After learning that “patients with certain headache disorders reported lasting improvements after just a single or few doses of psilocybin or other psychedelics,” Schindler wondered if “these drugs couldn’t help us better understand the underlying pathology in headache disorders, as well as serve as a new form of treatment.”
Seven migraine sufferers, both women and men, took part in the research. At initially, the subjects were given a placebo, albeit no one knew it at the time. They subsequently progressed to taking modest dosages of psilocybin, both in pill form. The subjects also kept a migraine diary, which they started two weeks after receiving the first pill and two weeks after receiving the active dosage of psilocybin.
Psilocybin was shown to help reduce migraine pain and severity in a study.
The researchers discovered that psilocybin was linked to a decrease in pain intensity as well as an improvement in the functional deficits that are prevalent in migraine sufferers. “This research is extremely early and does not serve as a guidance for how to treat migraine with psilocybin,” Schindler told PsyPost, “but it does provide some valuable information.”
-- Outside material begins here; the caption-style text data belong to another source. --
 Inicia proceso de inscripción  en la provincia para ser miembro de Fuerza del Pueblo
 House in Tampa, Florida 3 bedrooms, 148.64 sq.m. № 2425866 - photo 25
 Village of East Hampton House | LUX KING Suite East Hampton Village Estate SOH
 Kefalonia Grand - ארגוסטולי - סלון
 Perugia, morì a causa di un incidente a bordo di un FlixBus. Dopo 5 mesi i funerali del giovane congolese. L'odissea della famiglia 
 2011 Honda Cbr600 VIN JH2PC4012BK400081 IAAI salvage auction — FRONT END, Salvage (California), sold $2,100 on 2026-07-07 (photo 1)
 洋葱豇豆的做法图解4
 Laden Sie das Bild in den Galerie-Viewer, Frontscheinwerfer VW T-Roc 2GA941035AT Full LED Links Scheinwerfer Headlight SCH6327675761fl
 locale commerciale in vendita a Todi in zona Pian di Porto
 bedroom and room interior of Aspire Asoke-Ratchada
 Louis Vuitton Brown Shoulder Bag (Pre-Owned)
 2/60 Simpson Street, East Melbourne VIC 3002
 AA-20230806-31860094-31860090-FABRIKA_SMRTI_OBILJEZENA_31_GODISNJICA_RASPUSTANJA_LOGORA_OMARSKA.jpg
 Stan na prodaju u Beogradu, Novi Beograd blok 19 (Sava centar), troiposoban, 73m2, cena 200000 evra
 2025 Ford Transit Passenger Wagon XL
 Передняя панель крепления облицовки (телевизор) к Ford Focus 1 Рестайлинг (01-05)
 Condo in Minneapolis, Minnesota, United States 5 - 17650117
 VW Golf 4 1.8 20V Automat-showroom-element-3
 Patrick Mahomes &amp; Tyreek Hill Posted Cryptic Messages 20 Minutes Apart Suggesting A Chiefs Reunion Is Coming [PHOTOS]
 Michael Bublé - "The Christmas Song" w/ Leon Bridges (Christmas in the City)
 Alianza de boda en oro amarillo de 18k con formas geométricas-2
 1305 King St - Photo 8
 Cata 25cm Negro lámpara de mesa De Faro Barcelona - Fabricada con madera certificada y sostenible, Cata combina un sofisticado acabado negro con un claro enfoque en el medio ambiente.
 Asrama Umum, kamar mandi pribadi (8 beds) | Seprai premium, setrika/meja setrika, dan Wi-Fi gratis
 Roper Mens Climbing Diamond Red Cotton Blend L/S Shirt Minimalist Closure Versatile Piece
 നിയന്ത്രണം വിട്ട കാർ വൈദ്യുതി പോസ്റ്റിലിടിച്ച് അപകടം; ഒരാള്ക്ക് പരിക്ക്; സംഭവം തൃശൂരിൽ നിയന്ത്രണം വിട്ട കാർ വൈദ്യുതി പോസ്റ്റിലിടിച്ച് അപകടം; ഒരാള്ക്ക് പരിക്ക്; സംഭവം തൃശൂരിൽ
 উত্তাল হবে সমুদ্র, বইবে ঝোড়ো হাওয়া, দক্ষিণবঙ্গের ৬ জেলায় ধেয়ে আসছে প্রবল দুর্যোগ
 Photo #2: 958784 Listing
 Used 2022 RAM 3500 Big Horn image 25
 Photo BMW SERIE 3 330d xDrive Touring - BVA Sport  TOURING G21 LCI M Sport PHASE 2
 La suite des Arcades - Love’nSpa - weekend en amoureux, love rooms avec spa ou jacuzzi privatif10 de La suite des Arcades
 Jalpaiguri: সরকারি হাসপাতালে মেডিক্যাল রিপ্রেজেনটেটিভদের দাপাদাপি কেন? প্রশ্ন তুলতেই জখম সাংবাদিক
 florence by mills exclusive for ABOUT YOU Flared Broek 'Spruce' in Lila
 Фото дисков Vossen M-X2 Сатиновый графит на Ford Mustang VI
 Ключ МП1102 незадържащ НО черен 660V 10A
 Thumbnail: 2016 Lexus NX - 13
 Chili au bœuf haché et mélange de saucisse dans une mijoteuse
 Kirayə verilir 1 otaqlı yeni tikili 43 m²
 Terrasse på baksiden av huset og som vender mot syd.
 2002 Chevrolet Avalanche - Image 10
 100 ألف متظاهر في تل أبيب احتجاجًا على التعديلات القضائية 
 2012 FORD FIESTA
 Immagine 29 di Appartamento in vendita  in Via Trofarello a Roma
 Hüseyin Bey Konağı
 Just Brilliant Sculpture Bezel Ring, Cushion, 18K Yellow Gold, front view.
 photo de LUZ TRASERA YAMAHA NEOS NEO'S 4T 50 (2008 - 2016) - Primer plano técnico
When speaking with PsyPost, Schindler emphasized that the study was not focused on a particular migraine episode, but rather the disease as a whole. She also said that the psilocybin dosages were low and that the subjects had no psychedelic experiences.
Despite the fact that the individuals only took psilocybin once throughout the trial, it continued to give comfort “equivalent to the impact of taking a daily preventative medicine,” according to the researchers. “There is no other oral medication that can accomplish this,” Schindler said, citing the tiny dosage with long-lasting benefits, the decrease in discomfort, and the increase in functioning.
This new research was connected to another of Schindler’s investigations released in 2015, which showed that psilocybin was similarly helpful against a painful condition called cluster headache. Lower dosages were not only utilized and successful in this research, but they were also chosen by patients who indicated a distaste for taking larger amounts, according to Schindler.
More evidence-based research is required.
While modest dosages of psilocybin have been shown to be beneficial and have long-lasting therapeutic benefits, much remains unknown. This covers things like various dosages and their safety when taken on a regular basis, as well as any possible differences between magical mushroom strains, if there are any.
Self-medicating with psychedelics may be hazardous, which is why we suggest using psilocybin only as part of a professional’s treatment plan. If you are in a place where psilocybin is legal, try microdosing. This is when you take little dosages more often (i.e daily). It’s also essential to note that, despite a slew of encouraging anecdotal accounts, the verdict on many key elements of utilizing psilocybin as a therapy is still out.
If you’ve used psilocybin to treat migraines, headaches, or pains, please tell us about your experience in the comments area below.
Chane Leigh, nicknamed The Bud Fairy, is a cannabis advocate and enthusiast from South Africa with a fiery personality and a desire to travel. She enjoys educating others and challenging social conventions.